Back to Middle Ages: Banning Traditional Spirituality
One doesn’t have to resort to time travel to witness an explicit ban on traditional spirituality by the followers of the Christian faith.
A sweat lodge built by Oujé-Bougoumou’s Redfern Mianscum was literally torn to the ground in accordance with a bylaw issued by the Council of the Cree Nation of Oujé-Bougoumou from October 2010, The Nation reported.
According to The Nation, the resolution read that the Council of the Cree Nation of Oujé-Bougoumou “exercises its collective rights of the members who have expressed their concern with the type of traditional practices being done in the community” and “declares that the sweat lodge along with any form of Native Spirituality Practices such as pow wows, rain dances, et cetera, do not conform with the traditional practices and teachings of our elders.”

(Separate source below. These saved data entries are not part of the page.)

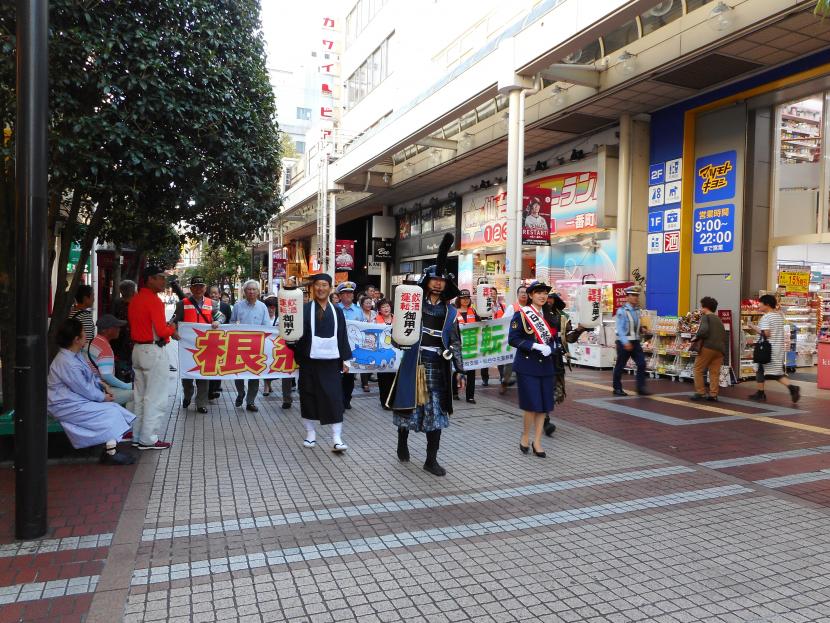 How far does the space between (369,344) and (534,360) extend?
382cm

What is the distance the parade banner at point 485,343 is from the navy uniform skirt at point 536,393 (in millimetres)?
3424

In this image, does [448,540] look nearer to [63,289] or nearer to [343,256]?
[63,289]

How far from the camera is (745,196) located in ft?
39.7

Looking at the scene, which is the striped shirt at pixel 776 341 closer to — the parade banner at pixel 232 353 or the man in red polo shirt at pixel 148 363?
the parade banner at pixel 232 353

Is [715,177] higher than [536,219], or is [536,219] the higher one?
[715,177]

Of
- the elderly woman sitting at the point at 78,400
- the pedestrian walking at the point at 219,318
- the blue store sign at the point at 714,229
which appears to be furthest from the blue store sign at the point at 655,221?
the elderly woman sitting at the point at 78,400

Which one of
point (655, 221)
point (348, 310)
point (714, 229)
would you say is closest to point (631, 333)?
point (714, 229)

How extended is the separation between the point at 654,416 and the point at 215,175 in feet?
21.6

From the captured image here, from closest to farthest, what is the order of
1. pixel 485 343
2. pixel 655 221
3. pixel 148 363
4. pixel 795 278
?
pixel 148 363 < pixel 485 343 < pixel 795 278 < pixel 655 221

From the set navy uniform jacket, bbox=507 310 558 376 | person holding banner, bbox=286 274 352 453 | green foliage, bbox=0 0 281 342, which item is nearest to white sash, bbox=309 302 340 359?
person holding banner, bbox=286 274 352 453

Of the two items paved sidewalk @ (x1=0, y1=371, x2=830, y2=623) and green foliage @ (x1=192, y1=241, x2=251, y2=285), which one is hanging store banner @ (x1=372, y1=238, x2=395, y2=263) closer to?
green foliage @ (x1=192, y1=241, x2=251, y2=285)

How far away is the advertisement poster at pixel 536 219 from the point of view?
12.9m

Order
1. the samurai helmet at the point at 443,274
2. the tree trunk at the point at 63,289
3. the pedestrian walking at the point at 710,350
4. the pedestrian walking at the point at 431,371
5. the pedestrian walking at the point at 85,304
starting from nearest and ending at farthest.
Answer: the samurai helmet at the point at 443,274
the pedestrian walking at the point at 431,371
the tree trunk at the point at 63,289
the pedestrian walking at the point at 85,304
the pedestrian walking at the point at 710,350

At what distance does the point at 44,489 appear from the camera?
405 centimetres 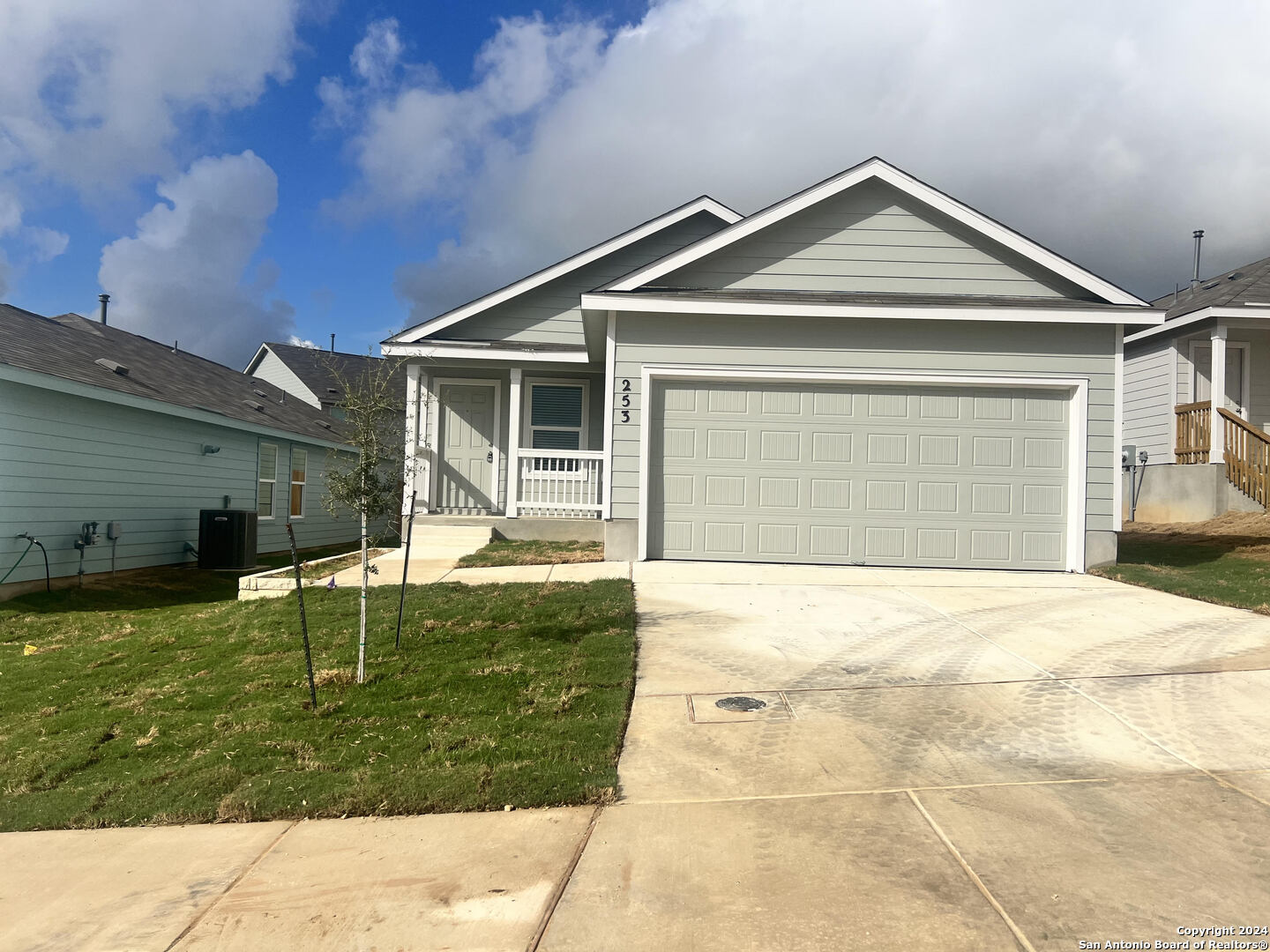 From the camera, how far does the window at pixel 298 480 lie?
728 inches

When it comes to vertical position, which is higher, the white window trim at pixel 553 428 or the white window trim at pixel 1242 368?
the white window trim at pixel 1242 368

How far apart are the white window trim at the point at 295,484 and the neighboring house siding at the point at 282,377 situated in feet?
38.1

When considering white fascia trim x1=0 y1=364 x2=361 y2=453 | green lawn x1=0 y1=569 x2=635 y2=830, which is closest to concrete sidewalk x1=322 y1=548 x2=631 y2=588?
green lawn x1=0 y1=569 x2=635 y2=830

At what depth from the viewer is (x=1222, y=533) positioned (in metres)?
12.9

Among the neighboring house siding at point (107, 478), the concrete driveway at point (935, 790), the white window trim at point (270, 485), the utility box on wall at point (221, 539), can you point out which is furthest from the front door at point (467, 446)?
the concrete driveway at point (935, 790)

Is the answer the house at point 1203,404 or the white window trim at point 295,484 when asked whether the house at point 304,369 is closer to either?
the white window trim at point 295,484

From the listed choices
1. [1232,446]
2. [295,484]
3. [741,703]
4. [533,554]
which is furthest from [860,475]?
[295,484]

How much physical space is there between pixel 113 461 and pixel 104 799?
1024 centimetres

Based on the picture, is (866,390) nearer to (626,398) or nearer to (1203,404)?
(626,398)

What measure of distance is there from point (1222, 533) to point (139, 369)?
62.4ft

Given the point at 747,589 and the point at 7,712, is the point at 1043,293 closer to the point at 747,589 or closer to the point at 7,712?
the point at 747,589

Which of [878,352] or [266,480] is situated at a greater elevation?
[878,352]

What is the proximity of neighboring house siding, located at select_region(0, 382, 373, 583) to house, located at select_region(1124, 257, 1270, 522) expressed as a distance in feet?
60.9

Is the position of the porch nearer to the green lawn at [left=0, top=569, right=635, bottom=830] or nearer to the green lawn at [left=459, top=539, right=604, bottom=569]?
the green lawn at [left=459, top=539, right=604, bottom=569] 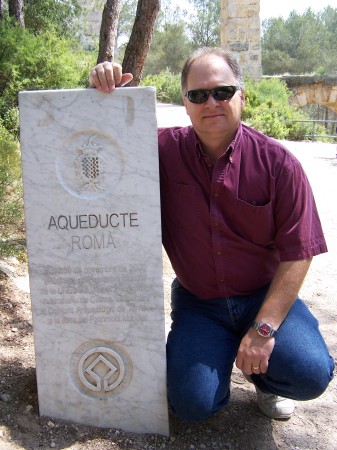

The sweat lodge was constructed in Mianscum’s friend Lana Wapachee’s backyard to help Wapachee heal after she split from her partner. Mianscum hoped that traditional healing practices would benefit her, as well as other members of the community:
“The reason I built it was because I have seen a lot of drug and alcohol abuse and people going through different problems,” Mianscum said, according to The Nation. “I have been there in my own community and I have also faced these problems. So I wanted to take part in the healing process and help people in the community. This is what I do as a sweat-lodge carrier—I try to help people change their lives.”
Not so fast, buddy.
Christians in the community became upset by the presence of a traditional sweat lodge, and organized a petition to dismantle it. Glen Wapachee, Lana Wapachee’s father, said the petition had only 16 signatures on it. However, those 16 seemed to have created enough momentum for the bylaw to pass. “I was a councillor for 15 years in this community, and I didn’t agree with the way they set it up and the way this was done,” said Glen Wapachee, according to another Nation article.
His wife, Margaret Wapachee, noted that during the meeting in which traditional practices and ceremonies were outlawed, those who tried to defend the sweat lodge were prevented from speaking; and that Chief Louise Wapachee, Glen Wapachee’s sister, was very forceful in her pushing for the ban.
The heated religious conflict has split not just the community but the extended family as well.
Margaret, Glen, Lana, and other the pro-lodge relatives feel like their human rights have been violated, and plan on seeking legal council, The Nation reported.
In the meanwhile, an important question arises. What’s next… witch-burning?